Dalam pelajaran bahasa Inggris, kami nggak hanya berdiskusi tentang tata bahasa Inggris tetapi juga isu sosial dan budaya yang ada di negeri asli bahasa tersebut. Minggu lalu, kami ngobrol tentang Michael Fish, si peramal cuaca yang pernah kondang di acara "Weather news."
Benar peribahasa Indonesia yang mengatakan "tak ada gading yang tak retak", Si peramal yang biasa didengar di radio atau dilihat di TV Inggris itu pernah meremehkan peringatan sebuah bencana alam di negerinya. Apakah itu sebuah kesalahan yang membuat banyak orang celaka dan rugi?
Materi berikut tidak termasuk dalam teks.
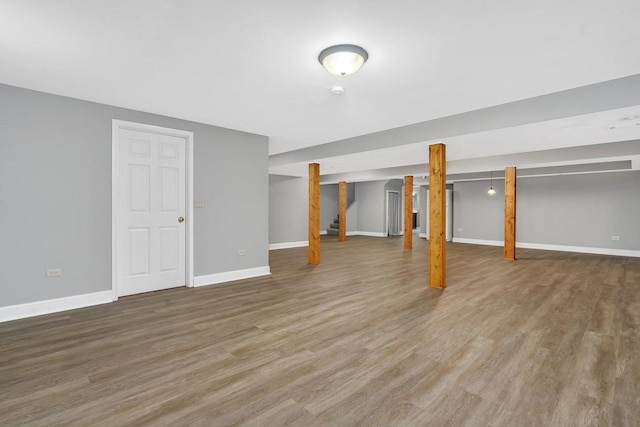 basement with hardwood / wood-style flooring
Ceritanya, pada tanggal 15 Oktober 1987, seorang perempuan menelpon Michael saat ia sedang siaran TV. Si perempuan mengatakan akan datang badai, tapi si pria meramal tidak akan terjadi cuaca buruk, pemirsa tak perlu khawatir karena hal itu tidak akan terjadi. Warning penelpon hanya omong kosong belaka?
Nyatanya, beberapa jam setelah itu datang badai berkecepatan 160 km per jam yang menewaskan banyak orang dan menumbangkan jutaan pohon. Sungguh sebuah tragedi yang membuat banyak orang susah dan rugi. Manusia memang tempatnya salah.
Untungnya, orang-orang di Inggris pemaaf atau bisa jadi; pelupa, seperti kebanyakan orang Indonesia (termasuk saya hahaha). Setelah tahun demi tahun berlalu, mereka nggak ingat lagi kejadian buruk gara-gara Michael meremehkan peringatan bencana alam waktu itu.
Anehnya lagi, ia lebih terkenal dari sebelumnya, justru setelah keteledoran yang ia lakukan tersebut. Misalnya, ia diundang di beragam acara TV dan mendadak jadi artis terkenal. Heboh badai.
Badai Sabine
Seperti halnya di Inggris, cuaca menjadi bahasan penting hampir setiap hari di Jerman.
Istilahnya: "Es gibt kein schlechtes Wetter, es gibt nur faslche Kleidung."
Artinya, di dunia ini nggak ada istilah cuaca buruk, yang ada orangnya yang salah pakai baju.
Makanya orang harus tahu tentang ramalan cuaca dari hari ke hari. Entah dari radio, koran atau TV, orang mengikuti perubahan cuaca dari hari ke hari.